In truth, there isn't such a big, conceptual difference between the processors of business computers, and the ones used by normal customers.

It's just that, since business PCs are expected to mostly be used for office work, document editing, schedules and presentations, they don't need the same graphics capabilities, or even computing capabilities, as, say, gaming notebooks.

By that logic, the new Kaveri A- and FX-Series chips are overkill for them. That's why AMD has introduced the PRO A-Series APUs.

There are three chips, all of them geared towards energy efficiency while still retaining the assets that AMD APUs are known for: a higher-than-usual core count, and better graphics than Intel alternatives.

Although, granted, the core count is rather misleading, since, at the end of the day, the AMD PRO A-Series chips are still dual-core and quad-core processors.

It's just that, in addition to those x86 cores, there are GPU Compute modules which also count as “cores” in AMD's book.

It's a byproduct of the HSA technology, which permits the CPU and GPU cores to neatly divide tasks between themselves at hardware level, instead of going through the OS.

It essentially allows the CPU and GPU cores equal access to the system memory, instead of needing the CPU to go through the OS and assign tasks to the GPU.
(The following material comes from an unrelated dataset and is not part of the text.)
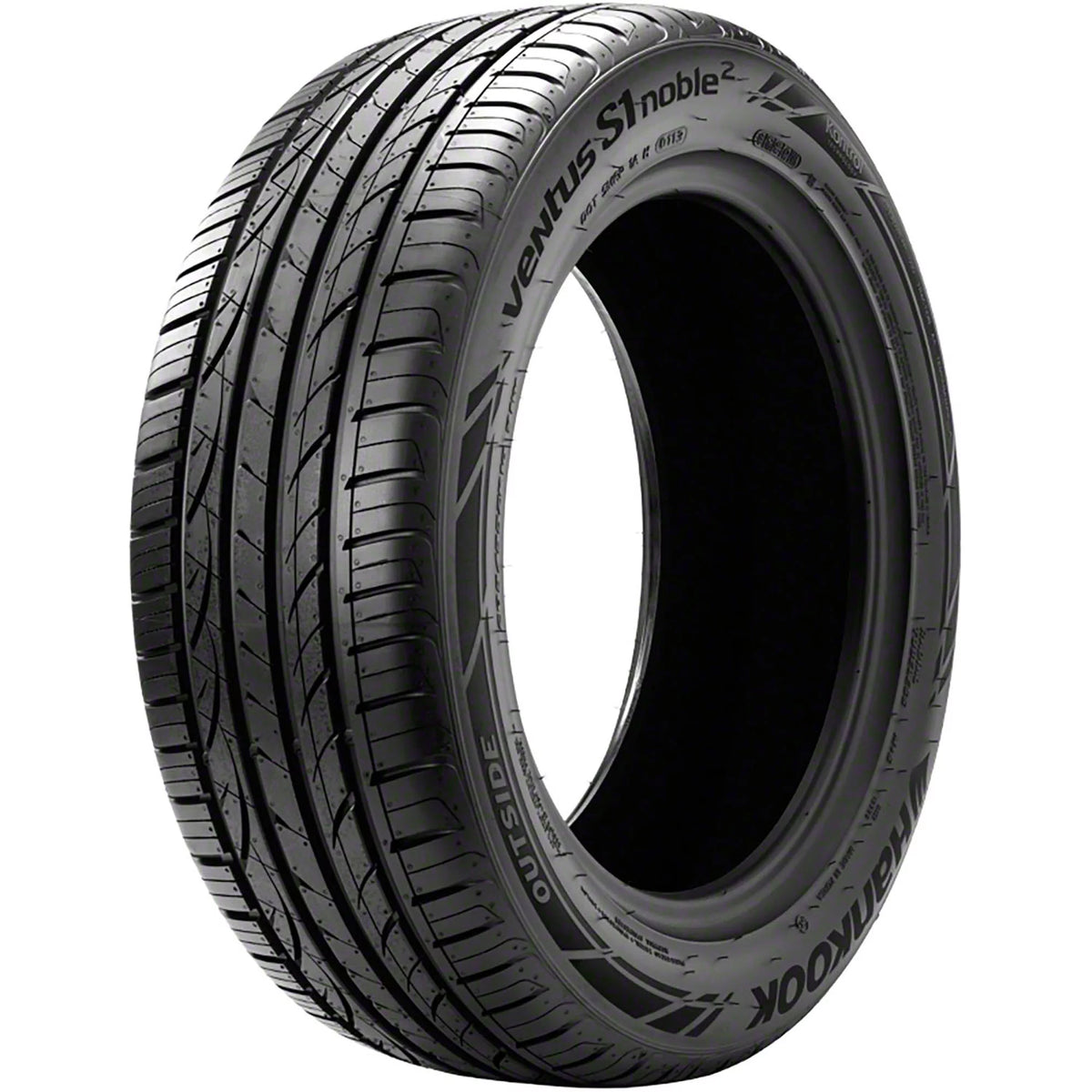 All Season 245/45ZR19 102W XL Passenger Tire D997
This significantly increases the performance of the system, since GPUs aren't just good for drawing textures. They also have high parallel computing capabilities.

There are three AMD PRO A-Series chips in the new product collection: A10 PRO-7350B, A8 PRO-7150B, and A6 PRO-7050B.

The A10 PRO-7350B is a 10-core unit (quad-core, 6 GPU modules) with 2.1 GHz / 3.3 GHz clock, 553 Max GPU frequency (Radeon R6 Graphics), 4 MB L2 cache memory, and 19W TDP (thermal design power).

The A8 PRO-7150B is similar, but runs at 1.9 GHz / 3.2 GHz and has Radeon R5 graphics, not R4.

Finally, the A6 PRO-7050B is a 5-core unit (dual-core + 3 GPU modules) with 17W TDP, 533 MHz GPU speed (Radeon R4 graphics), and 1 MB L2 cache memory.

All three AMD PRO A-Series accelerated processing units boast DDR3-1600 memory controllers, one PCI Express 2.0 x8 lane, and DirectX 11.2 support, plus UVD 4.2. Only some HP Elite 700-Series notebooks offer them, for now.